興味深いのは「紙に書かれた法律よりも大事なのは血の絆や名誉や忠誠心」といったことを口にしている点だ。
コノリーの中では、法律以上の正義があるようなのだ。
たとえその結果としてこの国の法律を破る犯罪に加担していても、自分が正義であると思うのだから正義であるという理屈なのだろう。
そこに皆が共感できる大義があれば、大した理屈だ。
だが、彼の行動の動機は出世欲を筆頭に私欲だ。大いなる私心によって突き動かされ、その私心のせいで、結果として人の命を奪う大罪まで見逃すこと(ときに促すこともした)になったのだ。
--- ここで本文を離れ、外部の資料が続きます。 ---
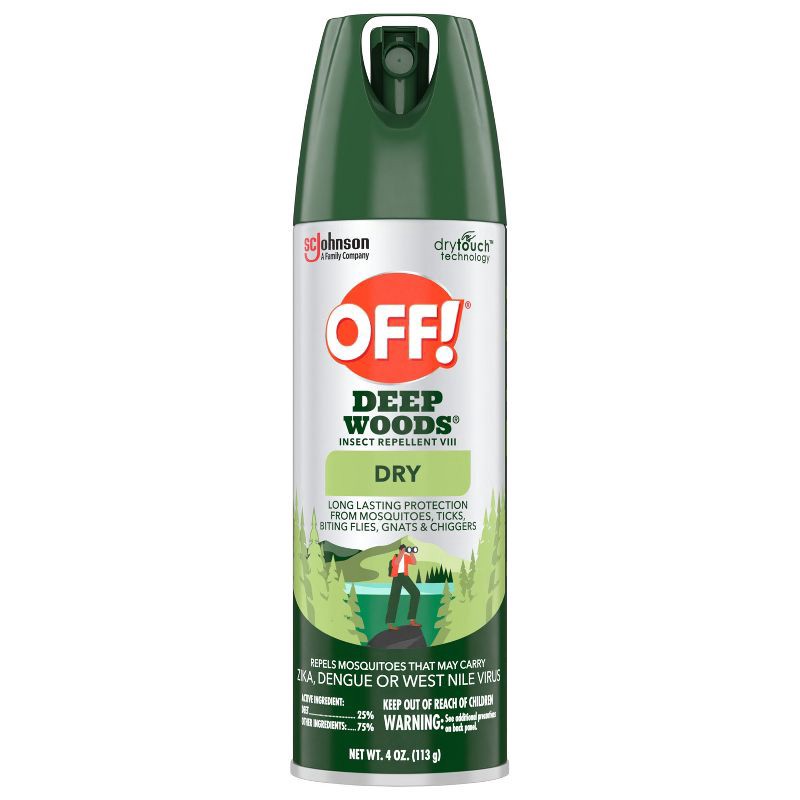 slide 10 of 13, OFF! Deep Woods Mosquito Repellent Bug Spray - 4oz, 4 oz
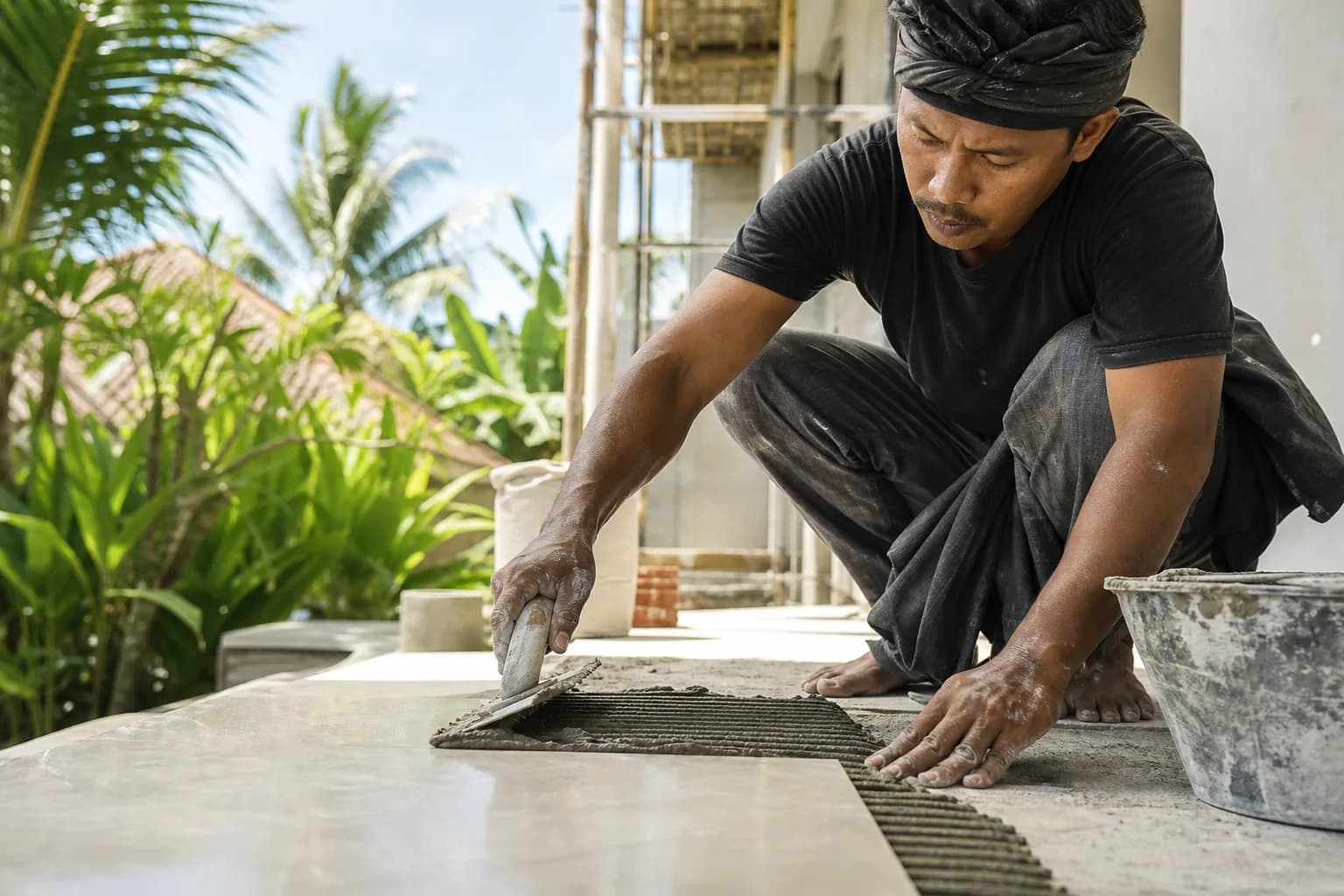 Porcelain Tile Back-Butter Adhesive Protocols for Bali Villas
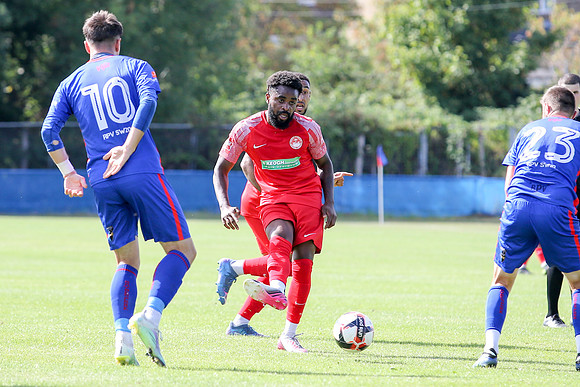 Raynes Park Vale v Hythe Town - FA Cup preliminary round - 20th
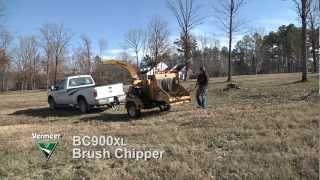 BC900XL Brush Chipper  Vermeer Tree Care Equipment [upl. by Hartzell]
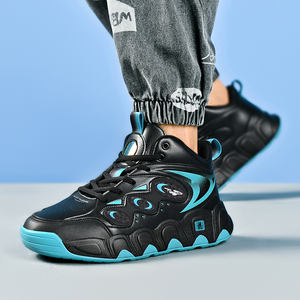 Sneakers Sportive da <span class=keywords><strong>Uomo</strong></span> in Pelle con Suola Spessa in Gomma Stile Basket, Taglie Grandi 39-<span class=keywords><strong>52</strong></span>, Scarpe da Corsa e Passeggio - Product Image 6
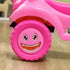Foot to Floor oddler Ride on Toy w/ Music, Light, Horn, Under Seat Storage, Anti-Over-Backwards Device, Pink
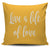 Live A Life Of Love Throw Pillow Cover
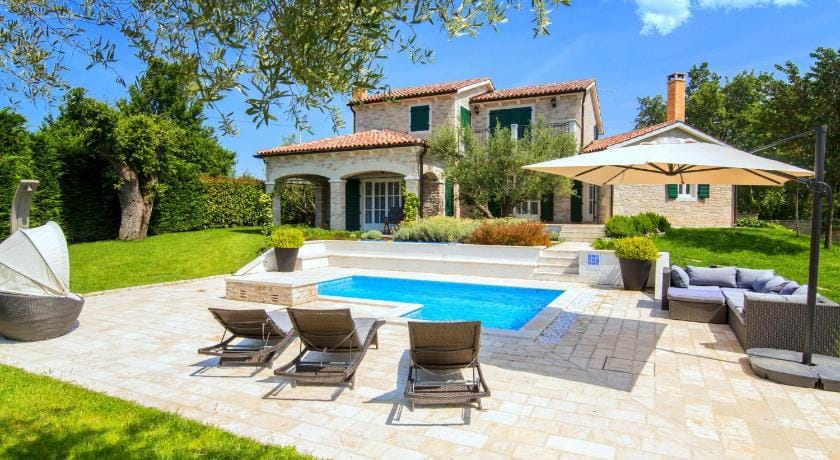 Villa in Baderna with Private Pool Villa in Istria County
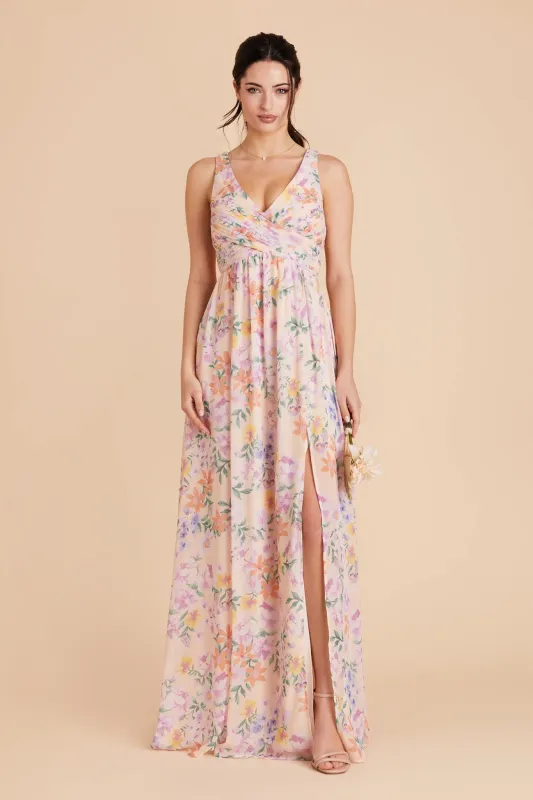 Laurie Chiffon Dress - Botanical Blooms sold by Birdy Grey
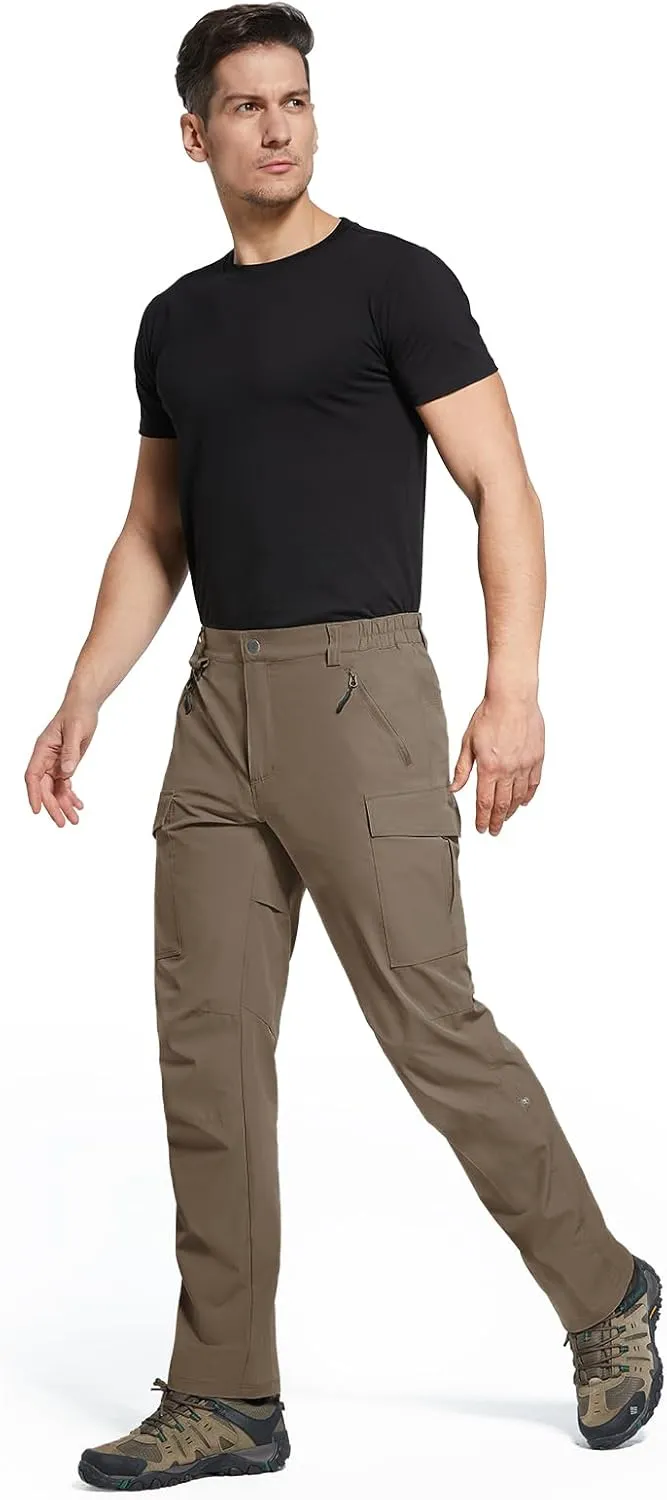 Moosehill Men's Hiking Cargo Pants Lightweight Water-Resistant Quick Dry for Tactical Work Fishing Golf Travel Outdoor Casual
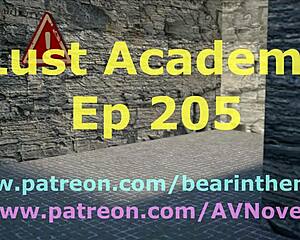 Visual novel adult game walkthrough for Lust Academy 205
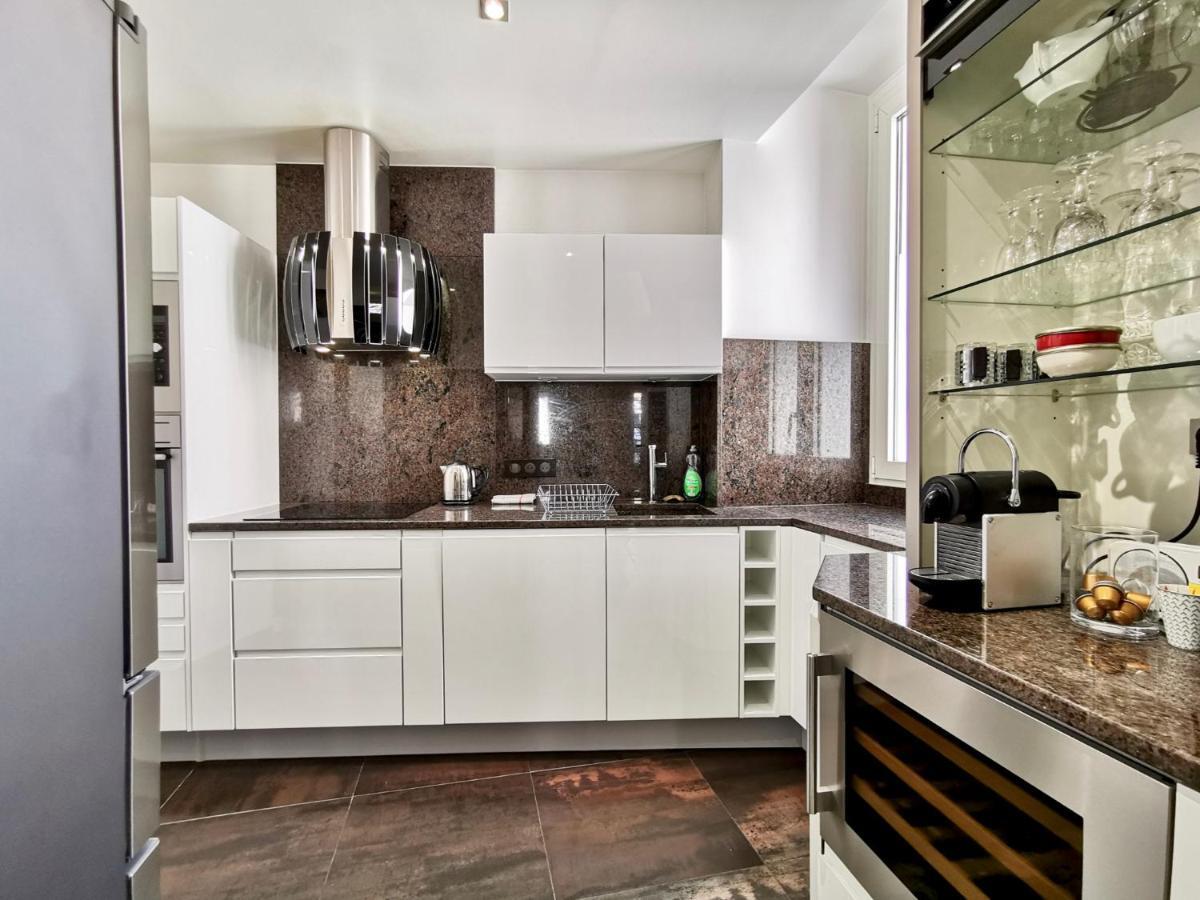 Luxury Baquis Apartment นีซ ภายนอก รูปภาพ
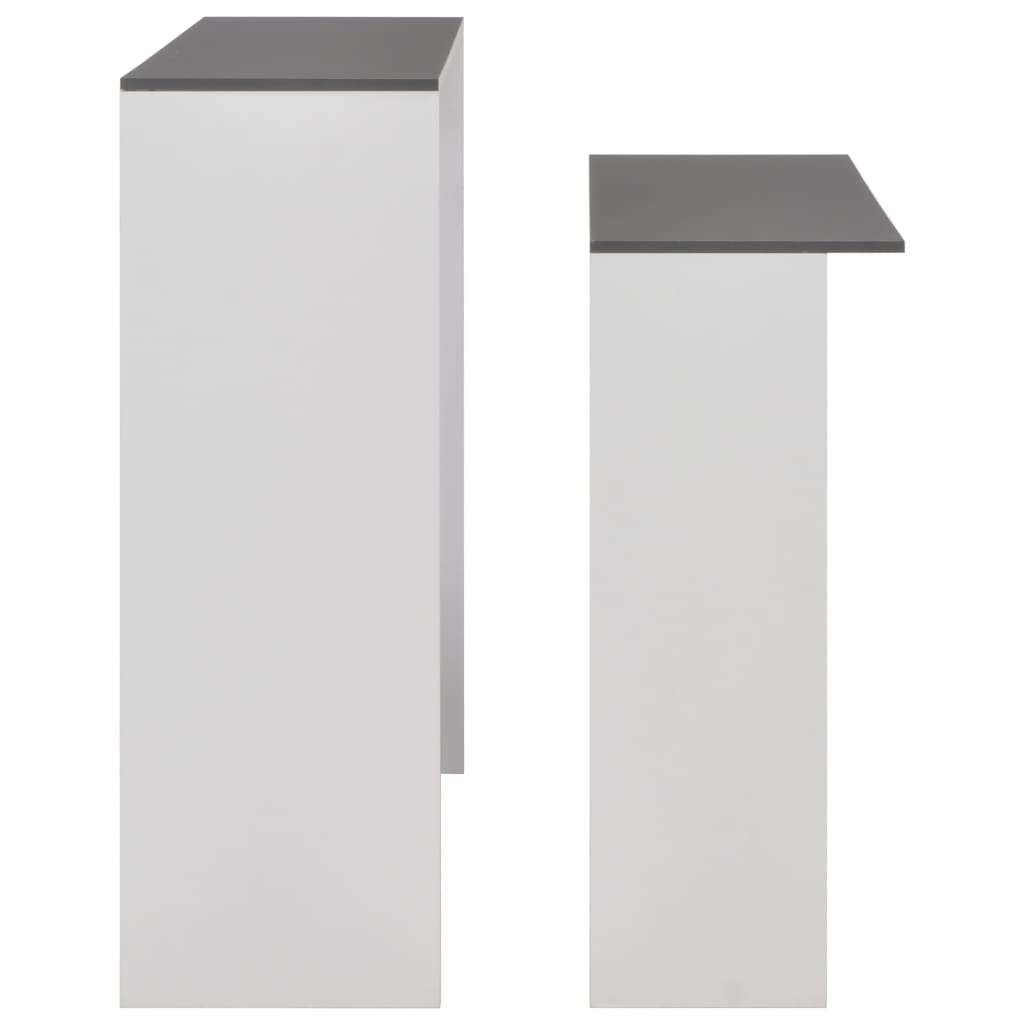 Bartisch mit 2 Tischplatten Weiß 130x40x120 cm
普通の庶民の感覚で言えば、なかなか共感されることではない。少なくとも、この国の法律がそれを認めていない。
同情できる点
もしかしたらFBI捜査官のコノリーも、まさかバルジャーがあそこまで好き勝手やるワルであるとは思っていなかったのかもしれない。最初に約束した「殺人はしない」もちゃんと守ってくれるものだと…。ずっとビジネスとしての付き合いができると…。
ところがそうはならなかった。
本作において、バルジャーは息子を病気でなくし、母親が他界したあたりから「人が変わった」という脚色をとっている。神が与えた運命が結果として歯車に狂いを生じさせたというなら、その点には少なからず同情はできる。
ただし、すべてを運命のせいにして、自分の罪を棚上げにするのは同情に値しない。
バルジャーのお陰で富と栄誉を手に入れたと言い訳しているシーンもあるのだから、結局栄光を手放したくないだけにも見える。それもまた私欲だ。
どこかで公人としての自覚を持ち(または「取り戻し」)、バルジャーとの関係に区切りをつけていれば、FBI捜査官コノリーの逮捕という結末も避けられたかもしれないだろう。
もっとも、それができないであろうこともこの猫の目にはよくわかる。
コノリーは、むかしバルジャーに恩があるから関係を切れないというような旨も奥さんに吐露している。大義よりも義侠を優先しているのだ。その義侠もまた私心である。コノリーは色んな意味で私心(私欲含む)に取り憑かれているような男なのであって、その哀れさにも私は改めて同情してしまうのだった。
私心(私欲含む)の恐ろしさがわかる映画だ。